Tariq is disabled; he was struck by polio when only an infant. The illness left him paralysed in an environment where accommodations for disabled children are virtually non-existent. Then, a few years ago, his mother died. And when the monsoon rains hit his house in September, the roof collapsed, killing his father.
A cousin who saved Tariq is now his only support.
Putting children first
Children with disabilities are only some of the vulnerable children for whom protection is essential in the wake of a disaster. Children without adult guardians and those separated from their families also require special support.

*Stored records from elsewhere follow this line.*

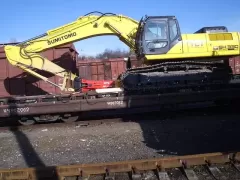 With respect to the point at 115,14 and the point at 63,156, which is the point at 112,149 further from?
the point at 115,14

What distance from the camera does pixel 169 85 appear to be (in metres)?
10.7

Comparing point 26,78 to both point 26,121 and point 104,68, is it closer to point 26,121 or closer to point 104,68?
point 26,121

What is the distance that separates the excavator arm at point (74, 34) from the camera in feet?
38.3

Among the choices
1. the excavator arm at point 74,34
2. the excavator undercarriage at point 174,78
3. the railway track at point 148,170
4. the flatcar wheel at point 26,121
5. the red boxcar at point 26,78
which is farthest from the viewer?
the red boxcar at point 26,78

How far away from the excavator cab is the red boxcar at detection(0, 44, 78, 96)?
5.20 meters

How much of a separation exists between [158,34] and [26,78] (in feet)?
23.1

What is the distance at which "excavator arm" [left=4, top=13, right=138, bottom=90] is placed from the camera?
38.3 ft

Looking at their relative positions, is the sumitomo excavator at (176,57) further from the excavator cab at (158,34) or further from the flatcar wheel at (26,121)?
the flatcar wheel at (26,121)

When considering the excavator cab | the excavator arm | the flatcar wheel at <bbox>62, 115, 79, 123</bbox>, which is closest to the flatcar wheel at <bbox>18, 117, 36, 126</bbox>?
the flatcar wheel at <bbox>62, 115, 79, 123</bbox>

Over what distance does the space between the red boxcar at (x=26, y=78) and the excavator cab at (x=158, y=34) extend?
520 centimetres

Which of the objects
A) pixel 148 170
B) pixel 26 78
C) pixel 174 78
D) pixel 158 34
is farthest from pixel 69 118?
pixel 148 170

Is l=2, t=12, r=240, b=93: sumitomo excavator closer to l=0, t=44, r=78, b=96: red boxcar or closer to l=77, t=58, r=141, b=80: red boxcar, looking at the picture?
l=0, t=44, r=78, b=96: red boxcar

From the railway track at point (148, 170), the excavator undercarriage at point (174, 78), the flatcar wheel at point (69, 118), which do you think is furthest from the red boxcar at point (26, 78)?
the railway track at point (148, 170)

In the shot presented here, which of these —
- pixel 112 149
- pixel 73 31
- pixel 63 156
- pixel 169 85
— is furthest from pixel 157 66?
pixel 63 156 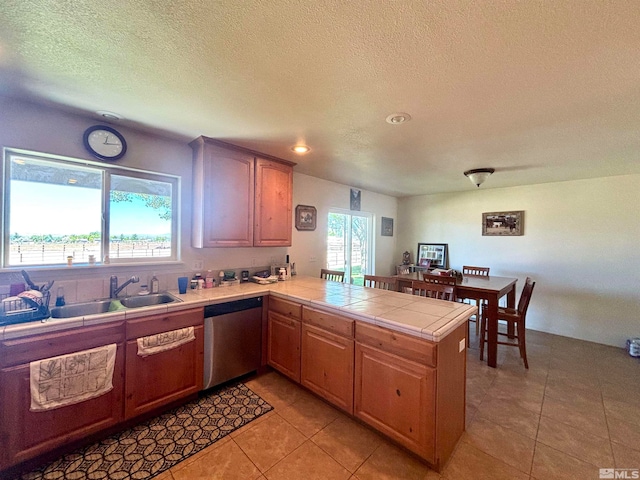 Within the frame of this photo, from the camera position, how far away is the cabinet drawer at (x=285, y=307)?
2.43 m

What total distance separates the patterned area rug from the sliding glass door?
257 cm

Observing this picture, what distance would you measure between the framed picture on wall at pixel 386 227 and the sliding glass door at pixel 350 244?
0.35 meters

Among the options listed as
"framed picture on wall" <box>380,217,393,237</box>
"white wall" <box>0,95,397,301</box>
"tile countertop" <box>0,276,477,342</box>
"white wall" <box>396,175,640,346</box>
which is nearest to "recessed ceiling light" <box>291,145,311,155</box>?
"white wall" <box>0,95,397,301</box>

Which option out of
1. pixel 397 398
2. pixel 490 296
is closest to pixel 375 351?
pixel 397 398

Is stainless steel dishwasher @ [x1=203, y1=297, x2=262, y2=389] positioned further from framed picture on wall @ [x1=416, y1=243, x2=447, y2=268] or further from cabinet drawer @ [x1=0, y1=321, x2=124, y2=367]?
framed picture on wall @ [x1=416, y1=243, x2=447, y2=268]

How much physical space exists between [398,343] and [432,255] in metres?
3.94

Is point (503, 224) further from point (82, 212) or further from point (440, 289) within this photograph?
point (82, 212)

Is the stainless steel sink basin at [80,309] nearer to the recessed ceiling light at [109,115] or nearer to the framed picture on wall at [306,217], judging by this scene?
the recessed ceiling light at [109,115]

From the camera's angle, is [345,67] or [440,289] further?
[440,289]

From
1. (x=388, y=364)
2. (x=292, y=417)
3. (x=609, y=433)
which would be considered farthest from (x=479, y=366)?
(x=292, y=417)

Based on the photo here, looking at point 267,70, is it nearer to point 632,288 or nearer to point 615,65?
point 615,65

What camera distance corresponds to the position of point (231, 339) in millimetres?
2453

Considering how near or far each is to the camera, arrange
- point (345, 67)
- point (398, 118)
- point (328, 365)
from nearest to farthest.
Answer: point (345, 67), point (398, 118), point (328, 365)

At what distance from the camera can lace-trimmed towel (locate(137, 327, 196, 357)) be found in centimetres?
194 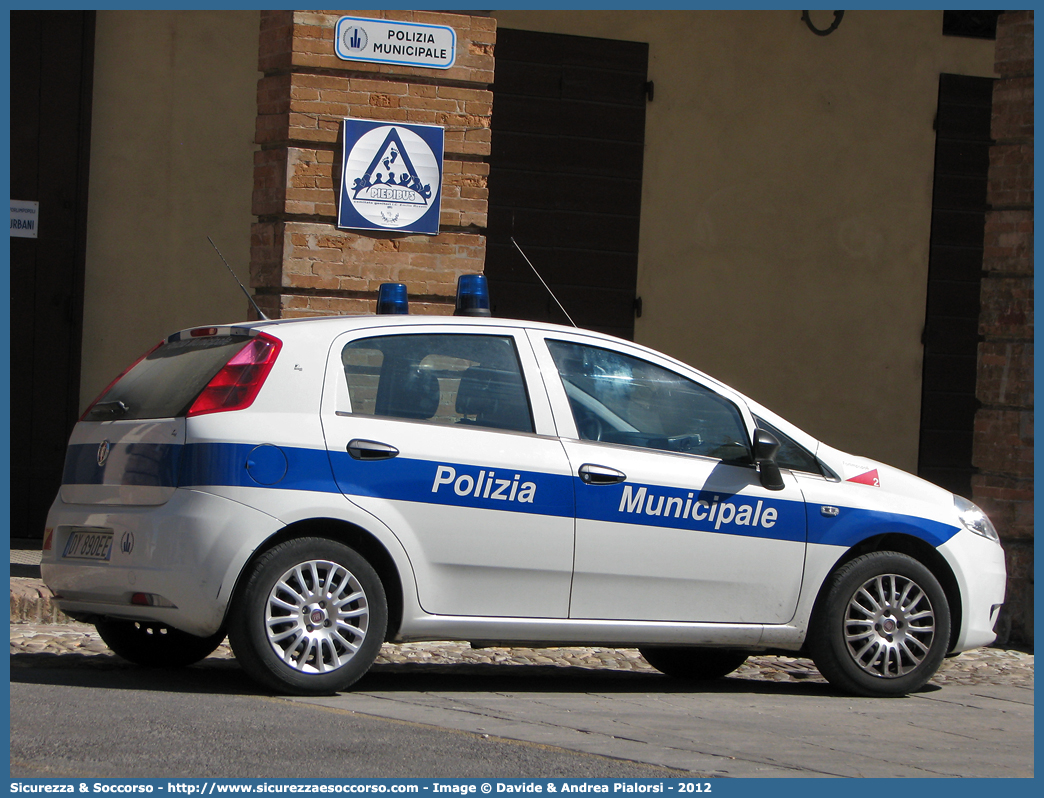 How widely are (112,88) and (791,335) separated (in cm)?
585

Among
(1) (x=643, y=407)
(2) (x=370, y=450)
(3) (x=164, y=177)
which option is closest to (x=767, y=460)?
(1) (x=643, y=407)

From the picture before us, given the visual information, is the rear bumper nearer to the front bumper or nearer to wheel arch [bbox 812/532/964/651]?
wheel arch [bbox 812/532/964/651]

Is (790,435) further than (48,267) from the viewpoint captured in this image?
No

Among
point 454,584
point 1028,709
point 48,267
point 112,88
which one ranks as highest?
point 112,88

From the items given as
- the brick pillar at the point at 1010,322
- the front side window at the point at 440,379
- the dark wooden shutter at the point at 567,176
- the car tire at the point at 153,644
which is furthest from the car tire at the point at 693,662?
the dark wooden shutter at the point at 567,176

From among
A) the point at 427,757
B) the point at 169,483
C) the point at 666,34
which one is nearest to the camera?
the point at 427,757

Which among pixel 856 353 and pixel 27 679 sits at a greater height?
pixel 856 353

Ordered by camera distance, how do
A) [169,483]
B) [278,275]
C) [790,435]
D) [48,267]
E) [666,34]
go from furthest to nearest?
[666,34] → [48,267] → [278,275] → [790,435] → [169,483]

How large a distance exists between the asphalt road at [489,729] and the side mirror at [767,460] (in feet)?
3.15

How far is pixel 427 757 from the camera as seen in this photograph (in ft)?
16.1

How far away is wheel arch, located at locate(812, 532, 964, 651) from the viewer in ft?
23.2

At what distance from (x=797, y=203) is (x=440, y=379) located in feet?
24.0

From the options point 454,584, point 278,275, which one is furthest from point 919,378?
point 454,584

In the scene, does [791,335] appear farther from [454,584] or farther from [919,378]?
[454,584] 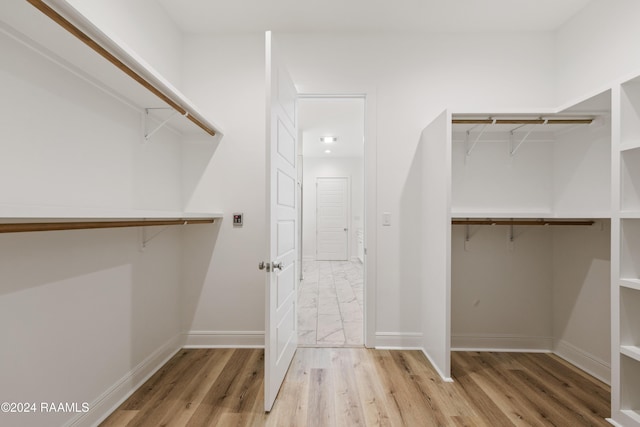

Here in Quaid-e-Awam Relief Camp, UNICEF and its implementing partner, the Potohar Organisation for Development Advocacy, are committed to finding and assisting children who require special protective services.
UNICEF and its partners are also setting up child protection committees in areas affected by the flooding. These committees consist of local residents who are trained to identify and monitor vulnerable children and provide them with vital support.
To date, 124 committees, with a total of 2,600 members, have been formed to help ensure that, even after the flood response ends, children like Tariq do not slip through the cracks.
“The fact is children are last in line, behind grown-ups, when it comes to accessing essential services, both in the aftermath of disaster, and afterwards,” says UNICEF Child Protection Officer Nabia Farrah. “It is vital for adults to be sensitized to the special needs of vulnerable children and to take responsibility for child protection in their own neighbourhoods.”
Working hard to recover
Asif is only 14 years old, but he is already responsible for the well-being of his family. He and his sisters, 8-year-old Saima and 6-year-old and Seema, lost their father to illness earlier this year. Only weeks later, the floods came.
Asif’s mother got them out of the house just before it collapsed. But after they moved into a relief camp, she fell ill.
“She lost weight,” Asif recalls. “There was no doctor there and she died.”
Asif is now the head of their household. “We don’t have any more tears left,” he says.
Still, Asif is working hard to ensure his family will recover. He has made sure his sisters attend a UNICEF-supported temporary learning centre (TLC) where they are learning to read and write and to protect themselves from illness. There, Seema and Saima also receive psychosocial care, and have the opportunity to play with other children. They are carefully supervised by staff trained to identify and monitor vulnerable children and connect them to health, education and psychosocial support services.
Education is the key to the future
This year’s floods have left 733,000 children out of school, and damaged over 9,300 schools – 60 per cent of the total number in the area. Returning children to school quickly is essential so this interruption to their education does not become permanent.
Monsoon floods in 2010 preceded this year’s disaster. The successive emergencies have wiped out livelihoods for millions of people, putting affected children at risk of exploitation through child labour, trafficking and sexual abuse. The danger of exploitation is even greater for vulnerable children like Tariq, Asif and his sisters.
TLCs are a key part of UNICEF’s efforts to protect these children, and to equip them with the education needed to keep themselves healthy and safe. At present, some 96,700 children, almost half of them girls, are enrolled in over 2,000 UNICEF-supported TLCs in 10 flood-affected districts.
The disruption caused by the floods also offers an opportunity to educate children who have never before been to school. Of those children attending UNICEF-supported TLCs, 40 per cent had not attended school before.
Now, as the waters recede, 19 per cent of the TLCs have been placed in areas of return to ensure education remains available while schools are closed. UNICEF is also distributing emergency education and recreation kits and School-in-a-Box kits, which contain all the materials needed to provide education. Over 2,600 teachers have been trained to use these supplies and to provide psychosocial support and hygiene education.
Nevertheless, many children have not yet been reached with these essential services. UNICEF urgently requires US$ 50.3 million to fund education, health, sanitation, nutrition and protection initiatives for flood-affected children through the critical six months following the disaster. To date, only 39 per cent of this amount has been received, leaving countless vulnerable children without access to education and at risk of exploitation and abuse.